Sprint has argued that the merger will have an adverse effect on competition in the wireless industry, and having the nation’s third-largest wireless company as an ally would bolster the Justice Department’s case, Bloomberg reported.
Social media used to track gangs: Police officers in Prince George’s Country are using social media to keep an eye on gang activity and, in many cases, use social media sites to track down criminals, The Washington Post reported. Even when gang members know that the police are looking for them, they often post updates letting their friends on social networks know where they are and what they’re doing. One gang member wanted for a gang-related stabbing even posted his new home town and phone number to Facebook, The Post reported.
Small-biz cybersecurity: Federal Communications Commission Chairman Julius Genachowski will join Homeland Security officials and cybersecurity professionals Monday to promote a new online security tool for small businesses. The event, held at the U.S. Chamber of Commerce in recognition of cyber security awareness month, will also feature a panel on how small businesses can become more secure.
Microsoft’s YouTube account hacked: Microsoft had its YouTube account tampered with over the weekend. All of the company’s videos were removed and replaced with a message claiming that the hacker “simply signed into my account that I made in 2006,” security company Sophos reported. Microsoft has since regained control of its account and restored the content.
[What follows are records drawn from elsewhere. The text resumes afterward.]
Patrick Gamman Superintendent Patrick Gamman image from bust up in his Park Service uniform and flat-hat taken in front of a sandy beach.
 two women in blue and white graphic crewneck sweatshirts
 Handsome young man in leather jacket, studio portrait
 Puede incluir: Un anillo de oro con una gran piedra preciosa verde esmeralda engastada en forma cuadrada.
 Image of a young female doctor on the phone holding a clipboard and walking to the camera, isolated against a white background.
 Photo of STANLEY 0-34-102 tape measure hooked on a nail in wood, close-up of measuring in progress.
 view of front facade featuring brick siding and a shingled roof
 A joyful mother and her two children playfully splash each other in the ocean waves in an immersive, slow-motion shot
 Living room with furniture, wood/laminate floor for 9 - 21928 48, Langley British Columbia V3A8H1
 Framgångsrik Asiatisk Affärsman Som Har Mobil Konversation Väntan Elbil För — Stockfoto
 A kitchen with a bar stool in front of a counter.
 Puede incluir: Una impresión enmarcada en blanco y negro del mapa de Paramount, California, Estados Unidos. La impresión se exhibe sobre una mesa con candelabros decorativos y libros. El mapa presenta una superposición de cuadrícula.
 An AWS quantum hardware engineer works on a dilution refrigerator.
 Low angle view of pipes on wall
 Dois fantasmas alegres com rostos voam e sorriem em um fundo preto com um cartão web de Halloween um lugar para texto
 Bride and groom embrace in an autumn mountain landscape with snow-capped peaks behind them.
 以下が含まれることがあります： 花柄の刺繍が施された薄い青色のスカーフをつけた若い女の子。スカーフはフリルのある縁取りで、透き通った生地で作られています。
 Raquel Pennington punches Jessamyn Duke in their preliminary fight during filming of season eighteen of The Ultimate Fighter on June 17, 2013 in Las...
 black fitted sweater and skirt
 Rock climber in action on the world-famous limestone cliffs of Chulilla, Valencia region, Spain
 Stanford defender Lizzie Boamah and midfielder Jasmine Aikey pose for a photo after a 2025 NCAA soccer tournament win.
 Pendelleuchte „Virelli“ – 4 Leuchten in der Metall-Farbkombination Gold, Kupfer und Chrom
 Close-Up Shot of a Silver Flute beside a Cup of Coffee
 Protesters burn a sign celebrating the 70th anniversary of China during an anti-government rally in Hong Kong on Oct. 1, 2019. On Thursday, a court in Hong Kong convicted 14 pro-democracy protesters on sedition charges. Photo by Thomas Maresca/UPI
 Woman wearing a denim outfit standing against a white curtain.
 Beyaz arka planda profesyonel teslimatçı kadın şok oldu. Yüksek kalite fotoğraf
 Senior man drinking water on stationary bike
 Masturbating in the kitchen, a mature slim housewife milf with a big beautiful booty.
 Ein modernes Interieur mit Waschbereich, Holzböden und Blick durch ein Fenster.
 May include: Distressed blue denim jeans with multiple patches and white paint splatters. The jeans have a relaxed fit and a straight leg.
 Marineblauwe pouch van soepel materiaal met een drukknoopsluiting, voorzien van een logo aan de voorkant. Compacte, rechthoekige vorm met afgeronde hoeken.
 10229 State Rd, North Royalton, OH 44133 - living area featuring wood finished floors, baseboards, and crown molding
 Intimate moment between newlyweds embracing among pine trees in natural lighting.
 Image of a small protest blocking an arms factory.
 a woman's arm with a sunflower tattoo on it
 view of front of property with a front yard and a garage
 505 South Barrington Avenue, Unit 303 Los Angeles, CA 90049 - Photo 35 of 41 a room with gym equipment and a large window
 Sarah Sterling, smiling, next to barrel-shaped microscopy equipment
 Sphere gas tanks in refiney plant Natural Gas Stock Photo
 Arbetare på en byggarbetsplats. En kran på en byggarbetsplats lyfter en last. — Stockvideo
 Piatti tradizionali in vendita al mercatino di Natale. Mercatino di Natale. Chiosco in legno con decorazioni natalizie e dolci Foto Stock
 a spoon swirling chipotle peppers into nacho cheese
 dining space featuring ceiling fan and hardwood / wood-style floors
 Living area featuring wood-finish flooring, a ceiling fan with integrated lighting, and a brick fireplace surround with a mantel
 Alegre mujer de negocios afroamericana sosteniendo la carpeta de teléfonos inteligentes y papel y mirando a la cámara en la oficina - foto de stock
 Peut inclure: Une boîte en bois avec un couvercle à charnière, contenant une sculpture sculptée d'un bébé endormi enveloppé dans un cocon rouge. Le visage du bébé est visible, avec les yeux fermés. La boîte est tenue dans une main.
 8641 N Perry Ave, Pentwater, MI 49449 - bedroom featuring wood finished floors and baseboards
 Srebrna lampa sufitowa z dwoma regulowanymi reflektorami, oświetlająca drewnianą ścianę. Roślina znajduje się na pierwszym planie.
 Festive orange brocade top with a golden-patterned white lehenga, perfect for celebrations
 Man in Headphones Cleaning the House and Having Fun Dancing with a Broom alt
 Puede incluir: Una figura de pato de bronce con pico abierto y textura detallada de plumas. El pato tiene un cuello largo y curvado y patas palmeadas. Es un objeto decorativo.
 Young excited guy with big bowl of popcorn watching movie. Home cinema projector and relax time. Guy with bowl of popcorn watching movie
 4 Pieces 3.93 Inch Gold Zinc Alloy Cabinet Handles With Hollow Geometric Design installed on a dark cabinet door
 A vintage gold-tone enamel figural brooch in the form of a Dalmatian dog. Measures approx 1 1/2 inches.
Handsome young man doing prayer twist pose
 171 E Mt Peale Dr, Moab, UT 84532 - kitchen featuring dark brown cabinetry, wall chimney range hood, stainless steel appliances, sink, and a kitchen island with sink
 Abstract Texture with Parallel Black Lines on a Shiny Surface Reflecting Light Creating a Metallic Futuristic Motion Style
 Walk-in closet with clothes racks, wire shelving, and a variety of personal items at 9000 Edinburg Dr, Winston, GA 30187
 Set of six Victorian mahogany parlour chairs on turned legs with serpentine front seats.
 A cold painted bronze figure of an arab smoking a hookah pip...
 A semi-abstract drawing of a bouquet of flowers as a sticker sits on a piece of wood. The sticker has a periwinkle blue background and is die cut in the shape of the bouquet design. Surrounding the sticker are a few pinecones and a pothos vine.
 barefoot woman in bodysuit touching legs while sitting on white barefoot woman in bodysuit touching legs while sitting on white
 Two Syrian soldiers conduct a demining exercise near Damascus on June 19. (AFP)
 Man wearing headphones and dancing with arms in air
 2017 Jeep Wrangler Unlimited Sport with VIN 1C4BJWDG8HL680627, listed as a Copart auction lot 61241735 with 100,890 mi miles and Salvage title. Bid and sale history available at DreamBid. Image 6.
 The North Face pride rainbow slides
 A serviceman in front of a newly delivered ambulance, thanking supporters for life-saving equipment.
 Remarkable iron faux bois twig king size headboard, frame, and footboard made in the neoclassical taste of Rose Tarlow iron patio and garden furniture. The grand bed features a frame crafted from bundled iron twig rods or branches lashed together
The intrusion comes soon after a hacker replaced the content on the Sesame Street YouTube channel with pornographic content, raising some questions about how well brands are protecting their accounts on the video-sharing site.
Google+ privacy officer: Anne Toth is joining Google to become the chief privacy officer of Google+, she revealed in a post on the social network Friday.
Toth was formerly the chief trust officer at Google, where she was a employee for 13 years, the Hill reported.